* [DATA FOR THIS EXERCISE]:
= = =

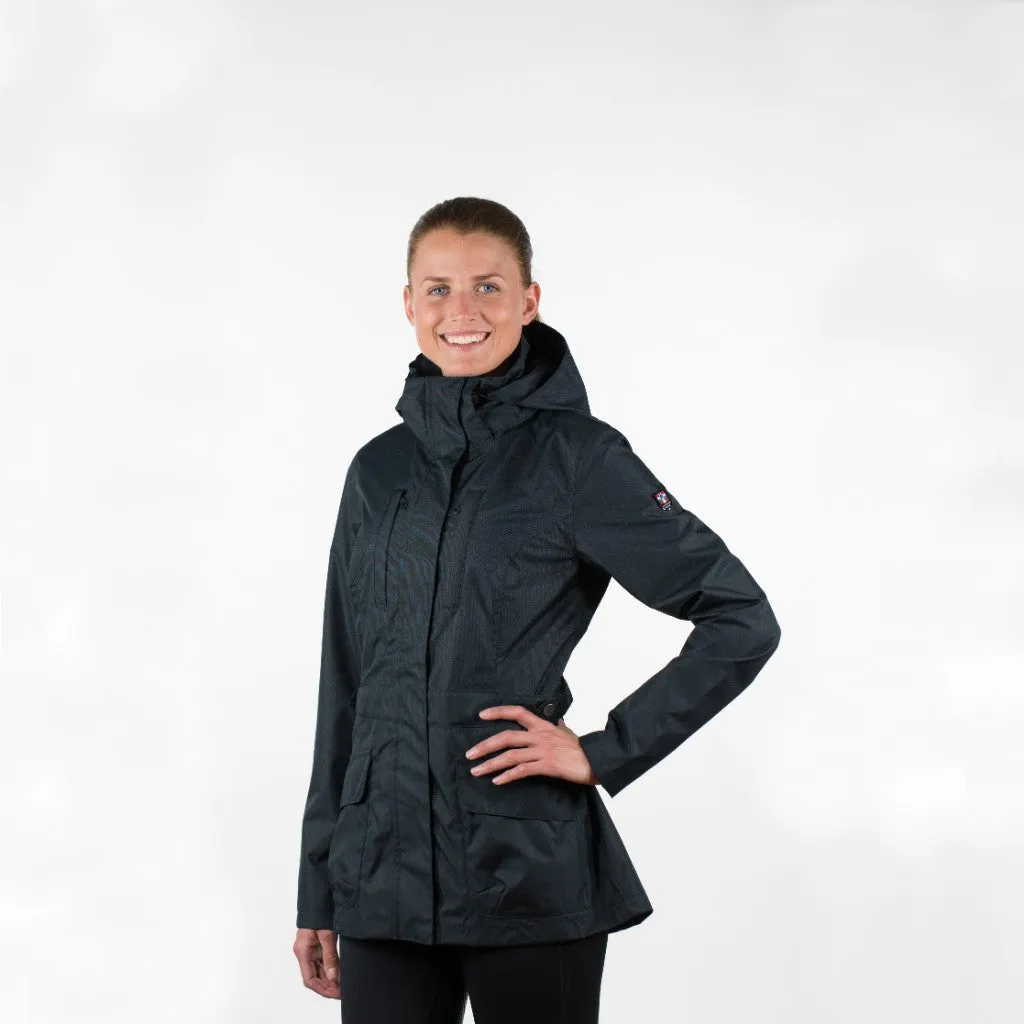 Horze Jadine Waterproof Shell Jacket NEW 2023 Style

= = =

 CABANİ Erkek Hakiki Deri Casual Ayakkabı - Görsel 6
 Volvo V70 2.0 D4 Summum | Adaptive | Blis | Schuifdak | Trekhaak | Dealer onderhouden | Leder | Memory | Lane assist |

= = =

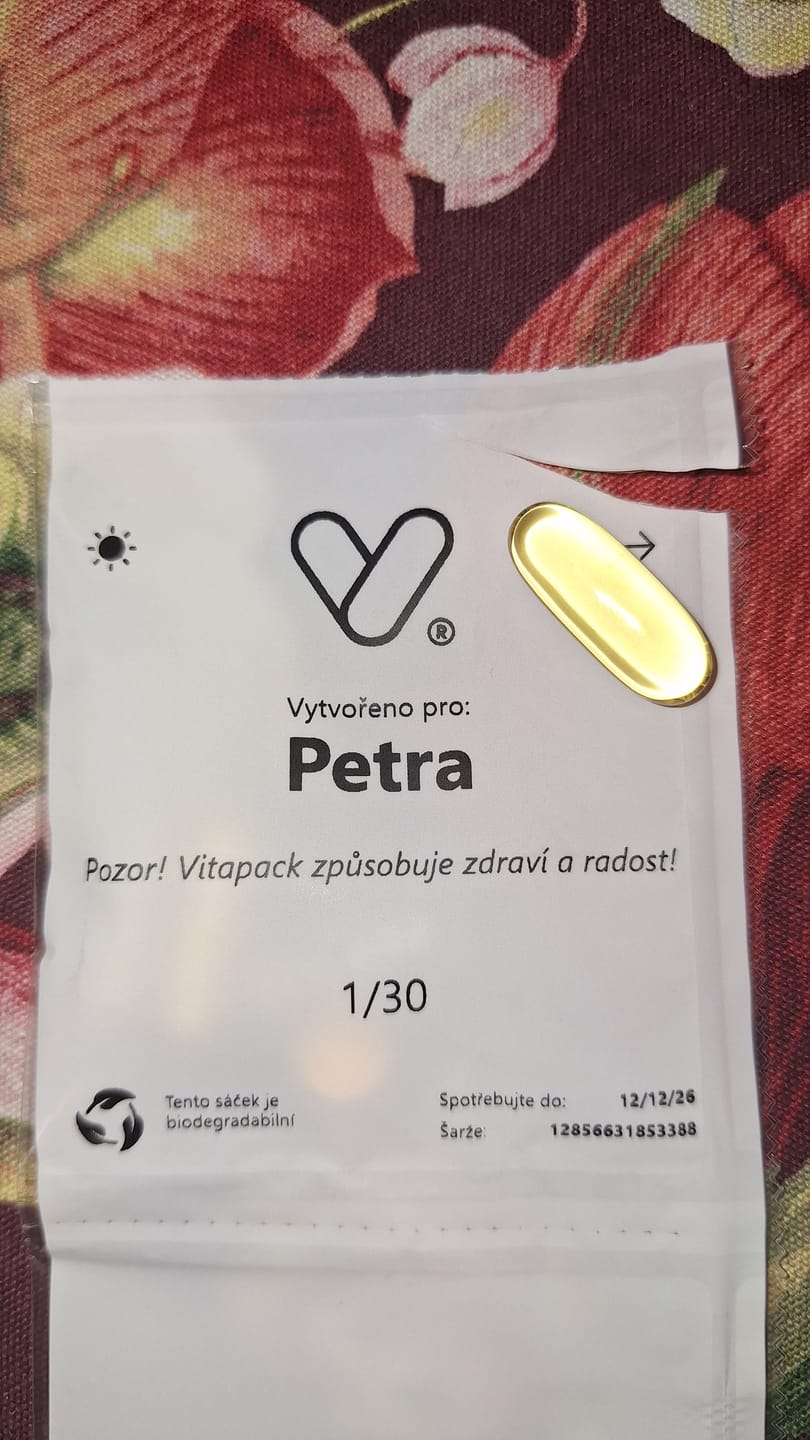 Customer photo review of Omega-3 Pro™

= = =

* [WHAT THE EXERCISE ASKS]:
Your answer should be the exact lines above from the one with "CABANİ Erkek Hakiki" through the one with "Volvo V70 2.0", both included, and nothing besides.

* [COMPLETED TASK]:
 CABANİ Erkek Hakiki Deri Casual Ayakkabı - Görsel 6
 Volvo V70 2.0 D4 Summum | Adaptive | Blis | Schuifdak | Trekhaak | Dealer onderhouden | Leder | Memory | Lane assist |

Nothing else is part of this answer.